Decades may have passed since the day Kpomassie first set his teenage eyes upon this image in his native Togo, but the 80-year-old remembers the precise moment as if it had happened just minutes before. How could he not? What he found inside has, since that day, consumed him entirely, shaping every chapter of his own story. He ran away from home at 16 to embark on an epic cross-continental mission that delivered him to Greenland, the world’s northernmost country. He was the first African man to set foot there. The adventure resulted in a travelogue, return visits and countless speaking invitations, and, more recently, a rather acrimonious divorce. Now, his very own sealskin jacket hangs by the door to his home in pride of place.

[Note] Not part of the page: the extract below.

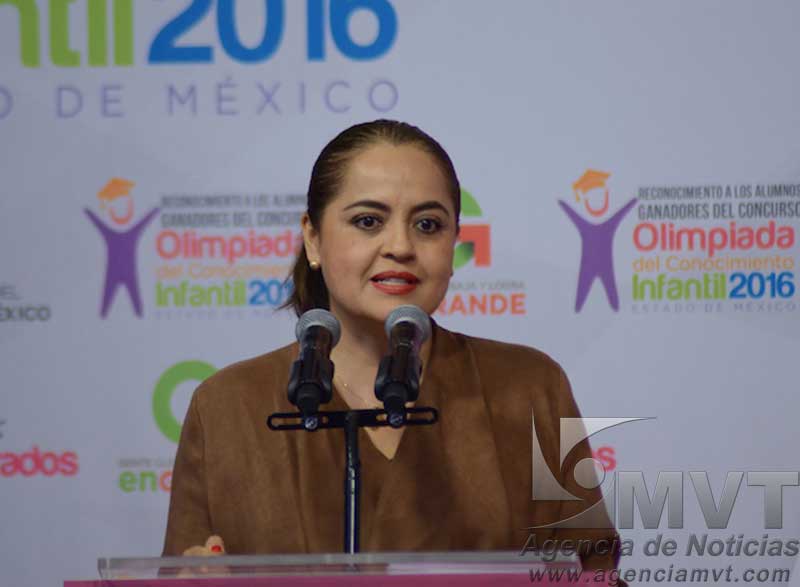 Regresa Ana Lilia Herrera al Senado de la República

Quite what an academic study of Inuit peoples was doing on the shelves of a small Christian missionary bookshop in 1950s Lomé remains a mystery. Kpomassie stumbled across it while recovering from a tree-top run-in with a snake. The only explanation he can think of, after years of contemplation, is that finding it was his destiny – an undeniable consequence of some predetermined fate.